What is interdealer broking? | Other finance on The Gateway

What is interdealer broking?

ICAP's Head of London and EMEA Broking gives Lucy Mair an introduction to this part of the finance industry

ICAP is the world's largest interdealer broker with a network of operations in 32 countries and expertise in financial, foreign exchange and commodities markets. The firm also offers post-trade risk management services and provides market data and financial information to its clients. We caught up with CEO of Broking for London and EMEA Gary Smith to find out more.

What is interdealer broking?

Interdealer broking involves bringing buyers and sellers together to execute a transaction in the financial markets. Brokers liaise between counterparties to establish a price and volume, find liquidity and make a deal.

Broking occupies an important place in finance because whenever someone wants to buy or sell something, they want to ensure they get the best possible price available in the market.

Interdealer broking is purely intermediary, meaning we don't trade on our own behalf, raise capital, make trading decisions or give investment advice as investment banks do. We take a commission on every trade that we facilitate to earn revenue for the firm.

What is voice broking, and how does it differ from electronic broking?

At ICAP we use three kinds of broking: voice broking, hybrid broking and electronic broking. Voice broking involves speaking to clients on the phone to negotiate prices and facilitate business. We use voice broking for less liquid, non-standardised markets. For example, credit derivatives and government bonds are commonly transacted by voice broking because they require more negotiation than standardised products.

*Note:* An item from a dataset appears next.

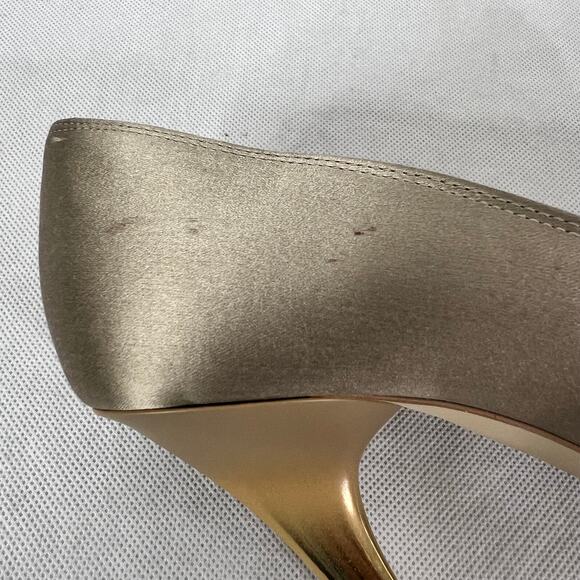 Stella McCartney Two Colors Satin Pumps Golden Metallic - Picture 9 of 14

Electronic broking is used in standardised and highly liquid markets such as certain commodities and foreign exchange. The prices are put on a platform and customers can transact electronically without the need for a human broker.

We also use a hybrid model, where a broker and the electronic system exist side by side. This allows clients to take advantage of electronic efficiencies while also having the option of discussing bespoke products with a broker.

How has interdealer broking changed since the beginning of your career?

Technology has become key to the business - ICAP wouldn't be in the market-leading position it is without technological innovation. The industry has changed significantly over the past 25 years thanks to the development of electronic trading.

How is interdealer broking faring in the challenging economic climate?

The volume of transactions in the markets is down considerably, so we're seeing subdued activity across most of our markets. As well as the global economic downturn, impending changes to regulation in the finance industry has cast uncertainty over the markets. However, we have also benefited from the price volatility in certain markets which encourages counterparties to trade.

How will the introduction of new regulation impact interdealer broking?

Stronger regulation means that financial markets will have to become more transparent and less risky. For interdealer broking, regulatory change presents opportunities to increase our volume of electronic and hybrid trading and deliver more post-trade risk management services. Financial institutions will face challenges in meeting higher reserve requirements, but our business is unencumbered by how much cash we have, so we'll play a role in locating liquidity and facilitating trades for them.

We're confident that ICAP's focus on innovation will put us in a strong position to deliver in the new marketplace. The sector is becoming more interesting and we'll need bright people to help us capitalise on these opportunities.